The verdict? Well firstly, I read it in about a week; not normally an indicator of a good book seeing as I've been reading One Hundred Years Of Solitude, one of the most critically respected pieces of modern literature, for going on 2 months now. But then the former's supposed to be a page-turner, whereas the latter is a 'classic'. And it does the job. The book, as well as famously revealing shocking alleged secrets of the Catholic Church, is a gripping, fast-paced thriller. The problem with this is that Brown uses most of the cliches associated with the genre: the only trait which makes our hero, American symbology professor Robert 'Indiana' Langdon, a two-dimensional character is his childhood fear of enclosed spaces; and obviously, he gets framed for murder; oh, and did you know that British food is shit?

However, this isn't so bad when you factor in the Code of the title. Brown gives you clues to the puzzles which fall across Langdon and his inevitably attractive French companion Sophie's path, so when you solve them before the protangonists, it makes you feel well clever. I have to admit sometimes I missed the clues and realised that Brown had outwitted me when all was revealed. This wasn't bad either as the book would be shit if there were no surprises. Mind, I was kicking myself when I missed the major twist at the start of what will be the last act when the film is made: it involves possibly the greatest cliche of all time. That is the only clue I give.

To be fair to Brown, his book is very clever. I'd be proud if I came up with it. However, what I'd do differently if I then had to go and write it is read the first draft before sending it to my publisher. Dan clearly didn't. The prose is terrible. It's as if he typed it with a sledgehammer and his withholding of crucial information in order to effect an episode cliffhanger is horribly unsubtle.
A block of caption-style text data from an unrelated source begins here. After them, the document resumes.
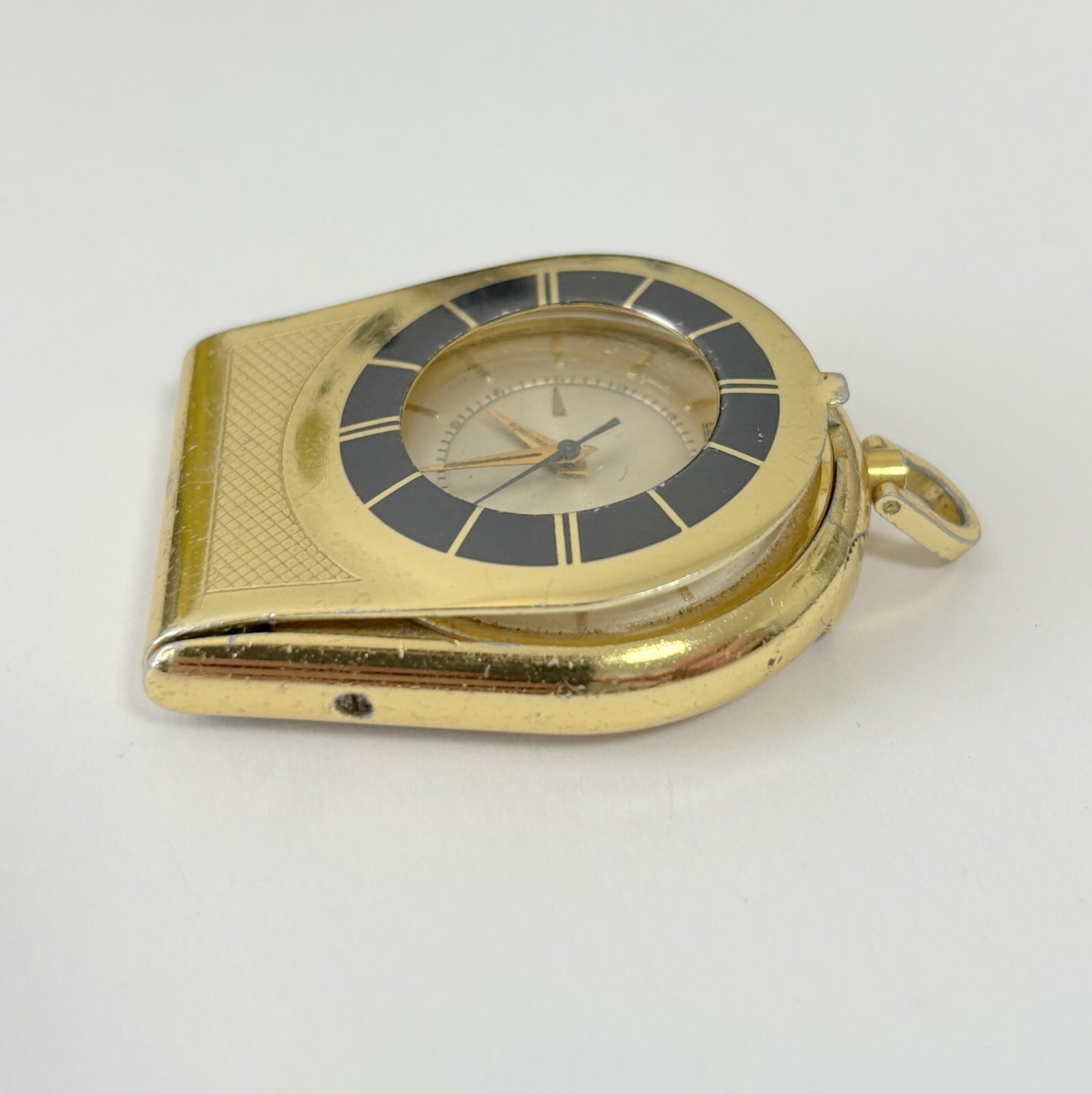 vtg jaeger lecoultre pocket watch alam cal k814 parts/repair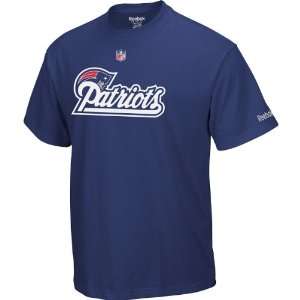 Reebok New England Patriots Sideline Authentic Short Sleeve T Shirt 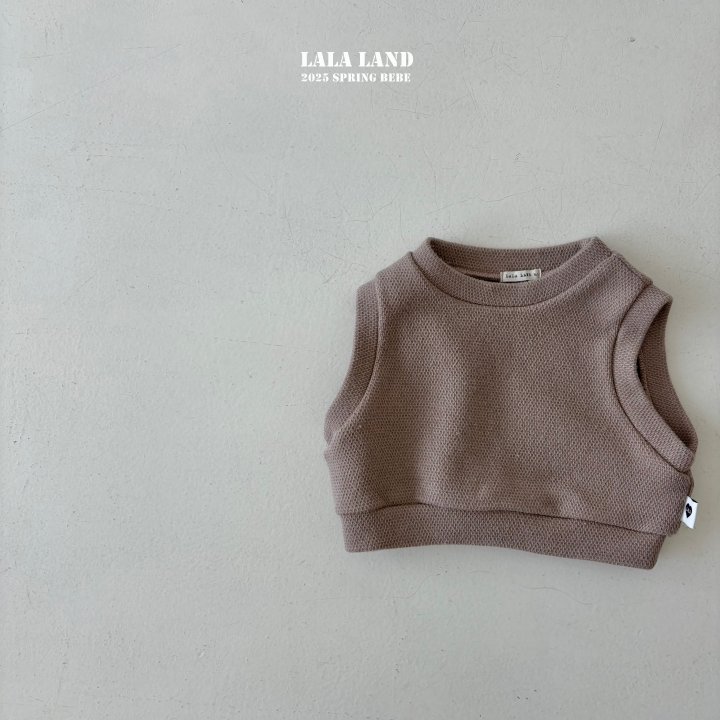 Lalaland - Korean Baby Fashion - #babylifestyle - Bebe Spring Knit Vest - 6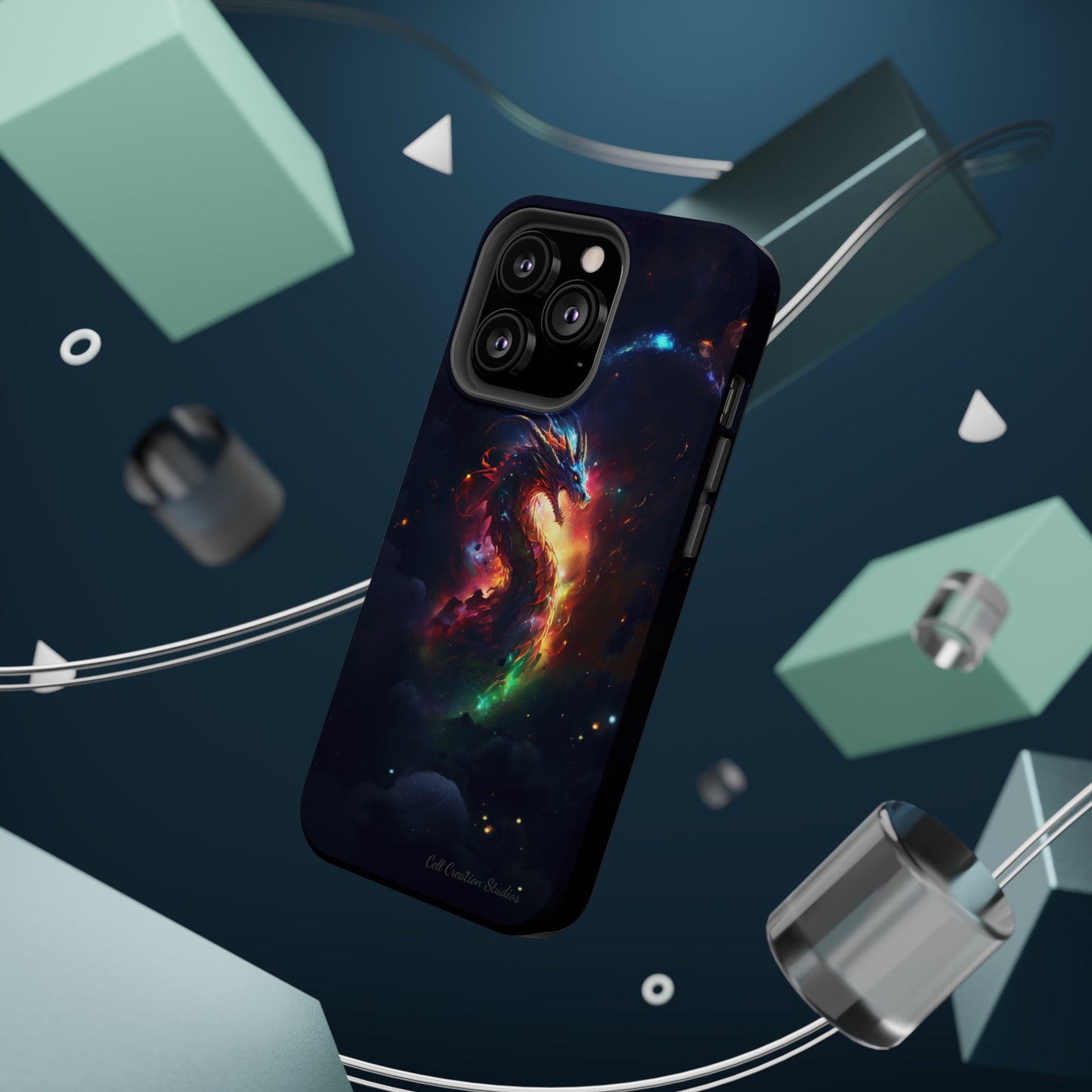 "Cosmic Dragon Unleashed" -MagSafe Tough iPhone Cases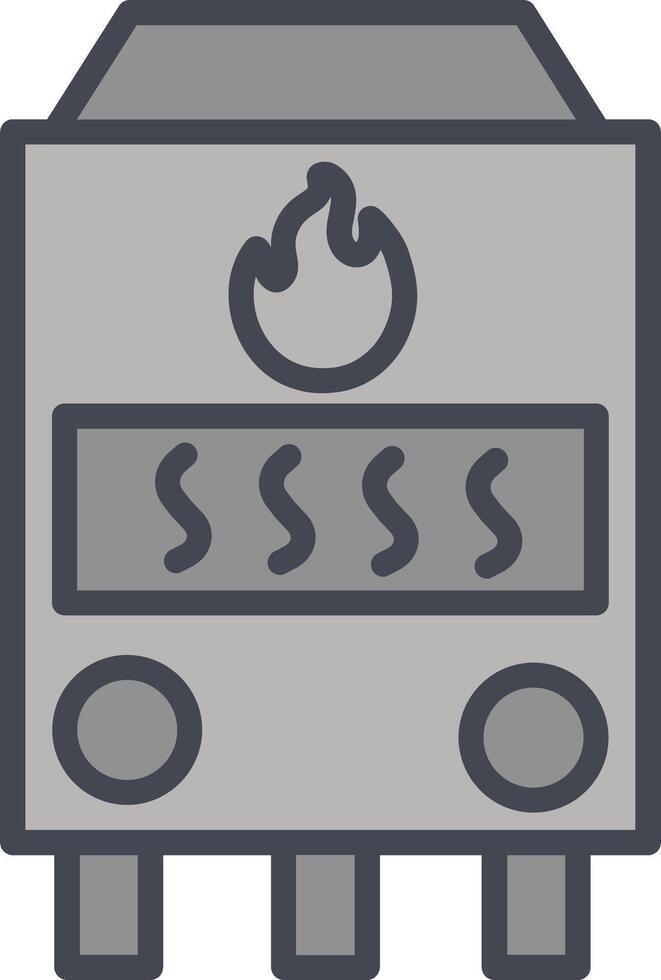 icono de vector de horno de gas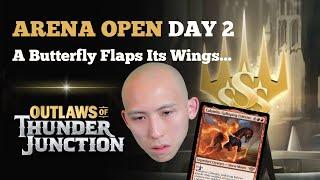 A Butterfly Flaps Its Wings...  Arena Open Day 2  Outlaws Of Thunder Junction Draft  MTG Arena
He keeps using phrases like "Langdon cringed" at very unfortunate moments, prompting my thought, "Yeah, you're not the only one, Rob." There are many mentions of the book Langdon himself has written; every time, I imagined how much more elegant his writing would be. Oh, and that's another thing: all the italics! For fuck's sake, you're not writing a blog, mate.

Surprisingly, I have little to say about the religious controversy. The book has undergone many debunkings, by churchies and secularies. The main problem seems to be the near-universal belief in academic circles that the whole Priory of Sion stuff was a hoax. The book has got me interested in the Church's history regardless, and it's good to see that it's sparked debate.
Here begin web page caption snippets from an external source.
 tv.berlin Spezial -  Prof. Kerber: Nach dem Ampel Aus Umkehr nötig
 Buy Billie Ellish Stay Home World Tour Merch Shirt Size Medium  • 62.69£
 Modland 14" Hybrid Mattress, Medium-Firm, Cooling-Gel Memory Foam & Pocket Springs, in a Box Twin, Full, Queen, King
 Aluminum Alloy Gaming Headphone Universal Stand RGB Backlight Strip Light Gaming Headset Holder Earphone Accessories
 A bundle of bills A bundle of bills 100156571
Dan Brown's fighting lawsuits against two people whose research he (allegedly) plagiarised. I suggest to the makers of Broken Sword: Shadow of the Templars that they make it three. Those of you familiar with both it and the book will know exactly what I'm talking about.
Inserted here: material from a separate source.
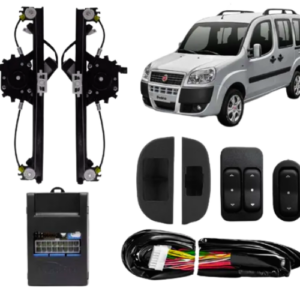KIT VIDRO ELETRICO  DOBLO TODOS 2P - ALT. C/SUB DO CELTA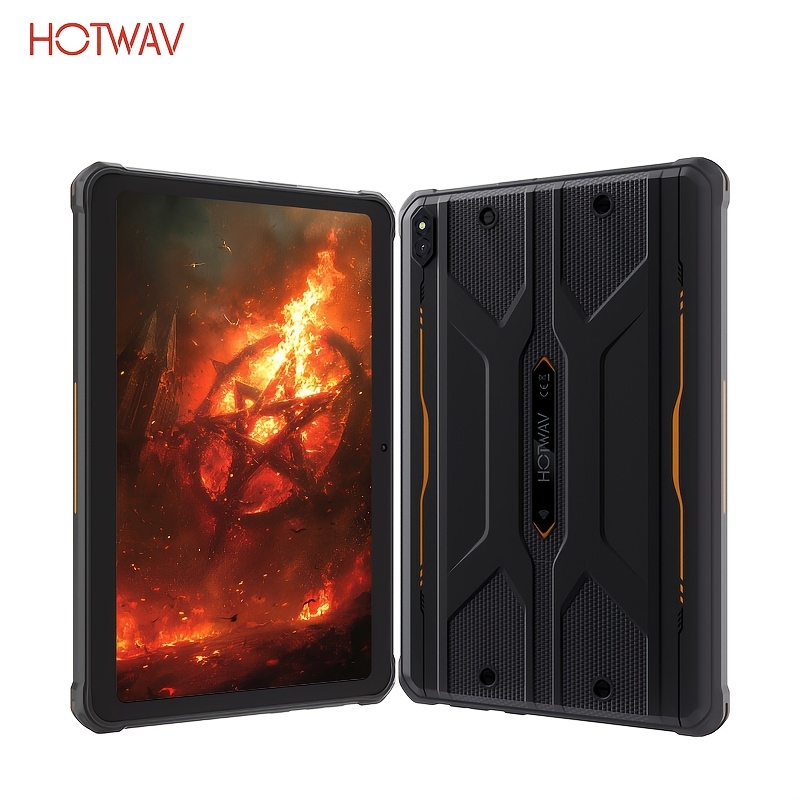 Image of Hotwav R10 Pro Rugged Tablet 20gb(8+12 Expansion) + 256gb/tf 1tb(expansion), 14 , 10.1 Inch Hd+ , 10800mah Battery*no Charger, 5mp Front Camera + 13mp Rear Camera, -core/ 4g/wlan 5//gps/otg, Orange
The film's due out in May, with Tom Hanks playing George Stobbart Robert Langdon and Amelie playing Sophie Neveu. I'm disappointed that they've got Paul Bettany playing Silas, the albino monk; anyone with an ounce of sense would have given the part to Mel Smith.

I'm disappointed I didn't read the book earlier; I have two great, though late, spoof ideas. If I'd still been at Warwick, I would've so written The Van De Linde Code, a thriller set on campus where two students unlock the secret of the Library Holy Grail. I not only missed that chance but the chance of catching the publishers' 2005 stocking-filler season with my so-zeitgeist-it-hurts hip-hop/yoof-speak version, Da Da Vinci Code. Middle England would've lapped it up.

*Yet it also seems very cool these days to say "I know it's very cool these days to say x is shit, but..."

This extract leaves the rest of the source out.